GSK2256098 in human blood was also analysed from blood/water (50/50, v/v) using the validated analytical method based on protein precipitation followed by HPLC-MS/MS analysis using a TurboIonSpray interface and multiple reaction monitoring. The LLQ for GSK2256098 was 10 ng/mL using a 25-μL aliquot of blood/water (50/50, v/v) with an HLQ of 10 000 ng/mL.

GSK2256098 whole-blood and dry blood spot concentration-time data as well as trametinib plasma concentration-time data were analysed by standard noncompartmental methods using Phoenix WinNonlin version 6.3. Calculations of all Pharmacokinetic parameters were based on doses of GSK2256098 and trametinib administered and actual sampling times from the respective dosing.

Clinical activity

Clinical activity was assessed at baseline and every 8 weeks using the Response Evaluation Criteria In Solid Tumours (RECIST) 1.1 guidelines;14 mesothelioma was assessed using Modified RECIST for Mesothelioma.15

Patient monitoring

Haematology and clinical chemistry laboratory tests were performed at baseline, Days 1, 8, 15, 22, 29, and every 4 weeks thereafter. Electrocardiograms were performed at baseline, Days 1, 15, 22, and then every 8 weeks from Day 1.

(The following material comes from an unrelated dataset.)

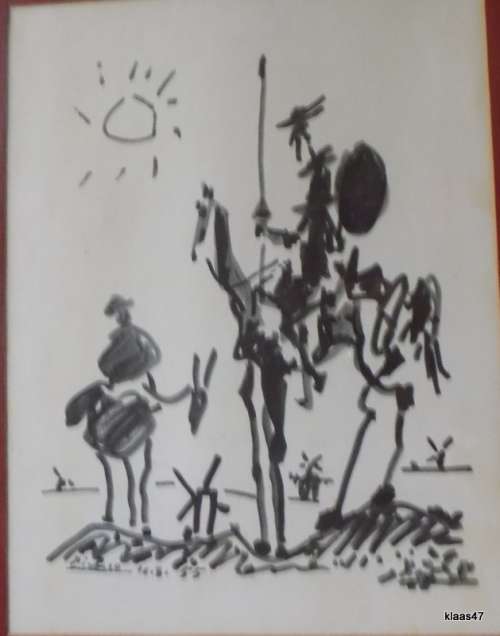 Don Quixote Sancho Panza - Pablo Picasso - Framed Print - Framed size 45x56cm - Picture 33x43cm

Tumour biopsy collection and determination of pFAK levels

Paired tumour biopsies were collected prior to dosing on Day 1 and on a day from Days 15 to 22 inclusive. Samples were analysed for pFAK and total FAK by a proprietary Collaborative-Enzyme Enhanced Reactive-immunoassay (CEER) (Prometheus Laboratories, California, USA). A proximity-based immunoassay, the CEER assay leverages a multiplexed immune-microarray platform combined with triple-antibody-enzyme channelling signal amplification. Specific signal amplification occurs when target proteins (pFAK and FAK) captured on an antibody microarray co-localize with two additional detector-antibodies linked with channelling enzymes (horseradish peroxidase, HRP, and glucose oxidase, GO). pFAK levels were normalised to total FAK. The same technology was leveraged to analyse pERK and other MAPK pathway markers. However, a channel enzyme−enhanced reaction assay for total ERK could not be developed, so pERK was normalized to total FAK.

Determination of Merlin status

Paraffin-embedded, archival tumour samples were required for all subjects. Merlin (the protein product of the NF2 gene) status was determined by immunohistochemistry of formalin fixed paraffin-embedded (FFPE) archival samples collected from subjects with mesothelioma (n = 21). The immunohistochemistry assay was developed and conducted by Mosaic Laboratories (Lake Forest, California, USA). The primary antibody included an NF2 antibody (C-18): sc332, Santa Cruz Biotechnology (Dallas, Texas, USA). A cell line tissue microarray comprising a total of six high, moderate, and low Merlin expressors and a rabbit IgG served as the positive and negative control, respectively.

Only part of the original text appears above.